I’ve Heard Parenting is Amazing and Horrible and I Have No Idea Who to Believe

Broadcaster and author Dom Knight is about to become a first-time dad. And there are a few things he’s going to miss.

Parenting is amazing and horrible

I’m told there is life after having a baby, but as far as I can tell, it’s a lot like you never really get to come home from hospital.

You’re woken up all through the night, eat hastily thrown together food, and spend far too much time wrangling bodily fluids – of which an alarming amount aren’t yours.

But new parents don’t talk about the bad bits. At least, not at first …

“It’s hugely rewarding!”

With my first child due very soon, my wife and I are only weeks away from what my parent friends tell me is the hardest thing they’ve ever done.

“But it’s hugely rewarding,” they’ll hasten to add in the next sentence. “Just amazing. There’s nothing like it. You’re going to love it!”

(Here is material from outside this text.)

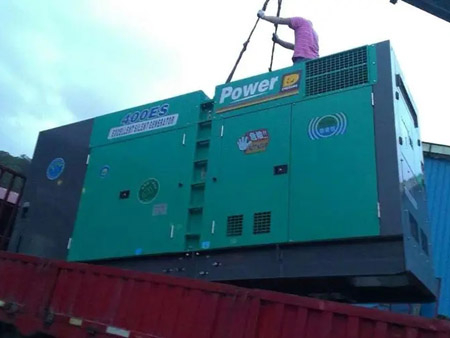 萧县柴油发电机组转速不稳定时，如何对发动机进行维护？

They continue to insist, seriously underestimating how much I currently love waking up late and spending a day enjoying myself.

As consistently fun experiences go, having a kid surely rates well below owning a Playstation 4, even though both involve a lot of time stuck in your loungeroom.

Are other parents telling me lies?

One friend recently described parenthood as the most fun she’s ever had, in what I think was an attempt to be encouraging. I found myself asking serious questions about how dull her life was before her toddler arrived.

Parents of young children always speak so glowingly about the dramatic transformation that takes place when a small human starts crying, weeing and pooing a short distance from their beds.

I’ve long suspected that they were mostly trying to convince themselves.

Are all of these wild-eyed parenthood evangelists constantly burying their regrets?

Or is it genuinely true that enabling a new life to emerge, phoenix-like, from the ashes of your own is the most rewarding thing you can do?

So how will life post-baby look?

In my last summer of idle freedom, I kept wondering how everything I did was going to work post-baby.

I spent three blissful days at the Sydney cricket test, but next year I’ll either be watching proceedings on the couch, or if I negotiate hard, dashing out for one brief session before returning home to take my turn with the nappy-changing.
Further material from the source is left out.